Kelompok HAM yang berbasis di New York melaporkan enam serangan di wilayah Gao dan dua di Menaka antara Januari dan Juni.
Pembunuhan meluas, pemerkosaan dan penjarahan Di Mali timur laut, kekerasan telah dilaporkan tahun ini yang telah memaksa ribuan orang melarikan diri dan mencari perlindungan, menurut Human Rights Watch yang berbasis di New York.
Sebuah laporan yang dirilis oleh kelompok hak asasi pada hari Kamis mendokumentasikan enam serangan di wilayah Gao dan dua di Menaka antara Januari dan Juni. Laporan yang belum dikonfirmasi dari pekerja bantuan dan saksi menunjukkan bahwa ratusan warga sipil telah tewas dan puluhan ribu terpaksa mengungsi.
Lusinan saksi mengatakan kepada penyelidik bahwa para pejuang itu dipersenjatai dengan senapan serbu, kadang-kadang peluncur granat berpeluncur roket, mengendarai sepeda motor dan truk pikap, dan mengenakan sorban pengenal.
“Kelompok bersenjata Islam secara brutal menyerang warga sipil dan memicu darurat kemanusiaan besar-besaran,” kata Ilaria Allegrozzi, peneliti senior Sahel HRW.
“Keamanan memburuk tajam di tengah bentrokan antara dua kelompok Islamis bersenjata saat mereka berusaha mengendalikan rute pasokan dan meningkatkan pengaruh mereka,” kata pengawas HAM dalam sebuah laporan, seraya menambahkan bahwa jumlah total korban tewas sejak Januari belum bisa dikonfirmasi.
HRW mengatakan temuan itu didasarkan pada wawancara dengan 52 orang, termasuk “39 saksi pelecehan, 7 anggota organisasi masyarakat sipil Mali, dan 6 perwakilan organisasi internasional”.
Menurut para saksi, para pejuang berbicara dalam bahasa lokal Tamashek, Fulfulde, Songhai dan Hausa, serta bahasa Arab, dan terkadang membawa bendera ISIL/ISIS.
HRW mencatat bahwa “di tengah meningkatnya pelanggaran”, keberangkatan dari 1 Juli hingga akhir tahun pasukan penjaga perdamaian PBB atas permintaan Bamako “memperburuk keadaan”.
“Keberangkatan pasukan penjaga perdamaian PBB berarti bahwa pihak berwenang Mali harus meningkatkan upaya untuk melindungi warga sipil dan bekerja sama dengan mitra internasional untuk memastikan bahwa para pengungsi memiliki akses ke bantuan dan layanan dasar,” kata Allegrozzi.

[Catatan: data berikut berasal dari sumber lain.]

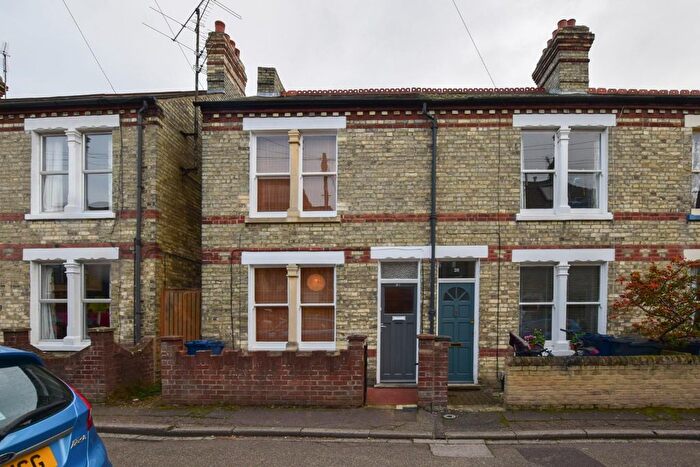 2 Bedroom End Of Terrace House To Rent In Springfield Road, Cambridge, CB4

Mali berada di bawah kekuasaan militer sejak Agustus 2020 ketika para perwira militer, yang marah karena kegagalan menangani kelompok-kelompok bersenjata yang aktif di negara Afrika Barat itu sejak 2012, memaksa keluar presiden terpilih negara itu, Ibrahim Boubacar Keita.
Sejak pengambilalihan, pemerintahan militer sementara di Bamako telah menyelaraskan diri secara politik dan militer dengan Rusia dan memutuskan hubungan dengan sekutu tradisional Prancis.
Kekuatan Prancis telah menyusut karena dianggap ketidakmampuan pasukan Prancis untuk membendung kekerasan oleh kelompok bersenjata di bekas jajahan Prancis. Itu juga menyebabkan meningkatnya sentimen anti-Prancis di negara-negara tersebut.
HRW mengatakan kelompok Wagner Rusia terlibat dalam “kekejaman” di beberapa negara Afrika, termasuk Mali, dan mendokumentasikan “pelanggaran serius” oleh keamanan Mali dan “pasukan Wagner yang tampak selama operasi kontra-pemberontakan di Mali tengah.” .
Pada tahun 2022, tentara Mali dan pejuang kulit putih yang diyakini sebagai orang Rusia dituduh mengeksekusi lebih dari 300 orang di kota Moura selama operasi melawan kelompok bersenjata, yang dibantah oleh pemerintah.